Peroneal
Tendonitis

Treating Peroneal Tendonitis

Everyday activities are hard on your body, especially your feet and ankles. Sometimes pain arises for unknown reasons. It the pain is in your ankle, there is a good chance you have a condition called peroneal tendonitis. Each foot has two peroneal tendons that run parallel to each other behind the outer ankle bone. One attaches to the outer part of your midfoot, while the other runs beneath your foot and attaches near the inner arch.

Peroneal tendonipathy is common in sports that involve running or intense ankle loading, such as ice skating, basketball, football, and other sports that overload the feet and ankles. A sudden increase in mileage or increased athletic activity with excessive ankle motion can exceed the tissues’ load tolerance, causing the tendon to fail. The fibers then separate and loose their optimal integrity for managing resistance loads.

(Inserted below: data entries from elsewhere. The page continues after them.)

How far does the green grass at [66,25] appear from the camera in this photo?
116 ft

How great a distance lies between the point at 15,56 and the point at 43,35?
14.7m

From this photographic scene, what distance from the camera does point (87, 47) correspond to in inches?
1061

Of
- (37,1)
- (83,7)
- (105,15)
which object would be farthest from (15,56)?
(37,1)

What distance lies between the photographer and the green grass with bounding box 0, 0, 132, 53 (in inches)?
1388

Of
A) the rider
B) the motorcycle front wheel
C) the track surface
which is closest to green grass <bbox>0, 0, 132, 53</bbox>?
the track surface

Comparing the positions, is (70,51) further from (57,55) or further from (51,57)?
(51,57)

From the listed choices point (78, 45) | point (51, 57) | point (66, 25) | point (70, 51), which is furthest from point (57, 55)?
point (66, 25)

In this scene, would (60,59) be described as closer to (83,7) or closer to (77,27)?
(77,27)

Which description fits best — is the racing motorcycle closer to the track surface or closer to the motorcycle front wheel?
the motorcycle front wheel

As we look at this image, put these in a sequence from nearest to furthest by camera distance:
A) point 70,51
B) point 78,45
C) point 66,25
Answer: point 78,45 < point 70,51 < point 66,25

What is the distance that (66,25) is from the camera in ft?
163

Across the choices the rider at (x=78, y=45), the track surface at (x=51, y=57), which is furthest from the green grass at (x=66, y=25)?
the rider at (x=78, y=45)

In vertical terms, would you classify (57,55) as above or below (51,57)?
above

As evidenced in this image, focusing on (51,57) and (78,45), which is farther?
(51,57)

What is Peroneal Tendonitis?

In medical terminology, words ending in “itis” mean that pain is caused by inflammation. However, in the case of the peroneal tendons, there is rarely inflammation, but rather a degeneration of the tendon tissue itself. It most often results from repetitive overuse, poor ankle stability or poor proprioception. Sometimes peroneal tendinopathy is misdiagnosed as a sprained ankle.

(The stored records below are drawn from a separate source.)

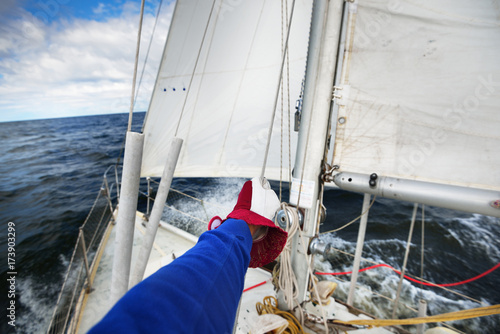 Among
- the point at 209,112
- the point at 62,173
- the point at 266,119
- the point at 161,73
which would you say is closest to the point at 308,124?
the point at 266,119

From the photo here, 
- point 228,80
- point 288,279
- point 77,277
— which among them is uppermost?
point 228,80

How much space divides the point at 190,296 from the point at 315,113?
151 centimetres

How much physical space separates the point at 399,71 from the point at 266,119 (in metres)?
1.97

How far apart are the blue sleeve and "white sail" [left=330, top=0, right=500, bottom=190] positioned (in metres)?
1.50

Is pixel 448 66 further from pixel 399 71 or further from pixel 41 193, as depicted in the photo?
pixel 41 193

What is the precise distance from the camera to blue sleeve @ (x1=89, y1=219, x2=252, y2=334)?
1.24 ft

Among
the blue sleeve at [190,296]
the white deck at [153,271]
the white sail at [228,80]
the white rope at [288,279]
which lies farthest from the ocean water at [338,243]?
the blue sleeve at [190,296]

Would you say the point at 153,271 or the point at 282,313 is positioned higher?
the point at 282,313

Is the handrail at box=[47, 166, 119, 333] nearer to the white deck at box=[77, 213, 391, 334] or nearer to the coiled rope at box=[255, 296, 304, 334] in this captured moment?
the white deck at box=[77, 213, 391, 334]

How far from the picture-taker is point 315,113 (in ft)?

There are two clinical classifications of peroneal tendon injuries:

Acute

Acute injuries are caused by overuse or overload on the muscles, and include tears and ruptures. Injury occurs when a powerful contraction of the peroneal muscles is coupled with spontaneous dorsiflexion (toes up) of the foot. Acute injuries are common in people ages 20-35, often from athletics.

Chronic

Chronic injuries are associated with weak and unstable ankles that cause issues with the peroneal tendons. Chronic injuries are often associated with aging, overuse, poor foot mechanics, poor balance, inefficient proprioception, and poor motor control.

Epidemiology

Peroneal tendonitis is common in athletes whose activity involves running, such as ice-skating, basketball, football, and others. When there is sudden increase in mileage or other sporting activity with excessive ankle motion which exceeds the tissue tolerance, the tendon tissue fails. The fibers then separate and loose optimal integrity necessary for optimal load resistance and function.

Symptoms

Unlike an ankle sprain that causes pain and swelling, straining the peroneal tendons will cause pain during foot pronation and supination, without swelling. Pain will occur on the side or the back of the ankle, and may feel like it is wrapping around the ankle joint. Occasionally, pain may radiate up the leg.

Treat peroneal tendonitis

What Does Sprained Ankle Look Like?

Pain in the foot is seen as swelling in the foot area and debilitation of the ankle in the area where the fibula bone has connection with peroneus tendons.

The main symptoms of peroneal tendinopathy include:

  • • Pain in the outer ankle when walking
  • • Pain during rest or at night
  • • Pain when loading the foot
  • Increased pain with pronation and supination
  • • Clicking and snapping sounds when moving
  • • Reduced foot and ankle strength
Peroneal tendonitis treatment

Diagnosis with Ultrasonography

Several conditions can mimic peroneal tendinopathy, so imaging with MRI or ultrasound is necessary to confirm it.

At NYDNRehab, we use diagnostic musculoskeletal ultrasonography (MSUS) to view the structures of the foot and ankle. Unlike MRI where the patient stays perfectly still and results take several days, MSUS lets us view the injured tissues with the patient in motion, so we can observe the mechanics of the foot in real time and get immediate results.

Our clinic has the most powerful research-grade ultrasound equipment available in NYC. In addition to viewing the body’s structures, it enables us to perform sonoelastography and superior microvascular imaging to further assess the degree of damage and healing.

With diagnostic MSUS, the patient becomes an active participant in the diagnostic process, repositioning the injured area for a more comprehensive view, and providing verbal feedback about which movements cause pain or discomfort. Both patient and practitioner are able to view the results on the monitor, and discuss the degree of injury as well as potential treatment.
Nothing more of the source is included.